Read the lines below, and copy any that contain the string "stromal".

DATA EXCERPTS
%%
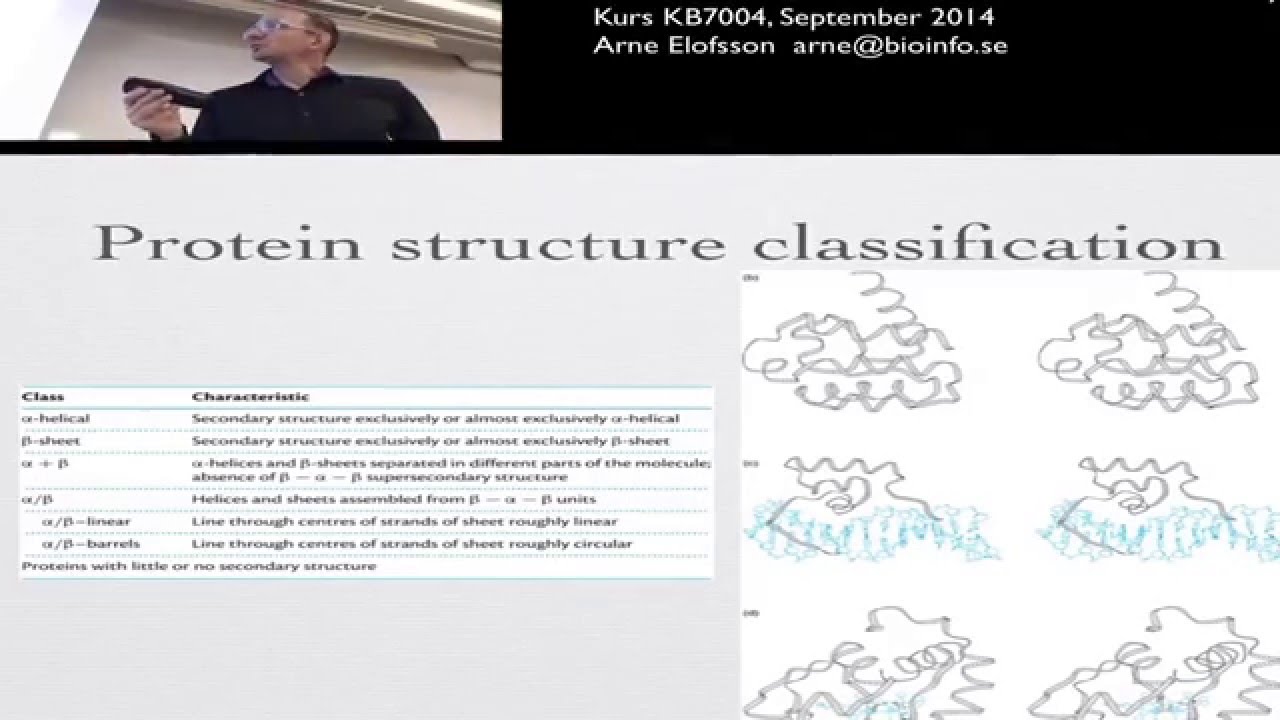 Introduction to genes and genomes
%%
%%
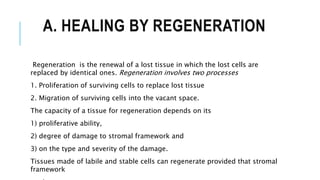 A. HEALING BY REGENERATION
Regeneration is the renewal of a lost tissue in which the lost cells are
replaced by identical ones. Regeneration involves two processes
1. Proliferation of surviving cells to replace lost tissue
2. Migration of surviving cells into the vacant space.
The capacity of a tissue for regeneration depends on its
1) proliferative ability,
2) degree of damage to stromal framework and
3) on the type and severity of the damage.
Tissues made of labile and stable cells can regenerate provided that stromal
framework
%%
ANSWER SPACE
2) degree of damage to stromal framework and
Tissues made of labile and stable cells can regenerate provided that stromal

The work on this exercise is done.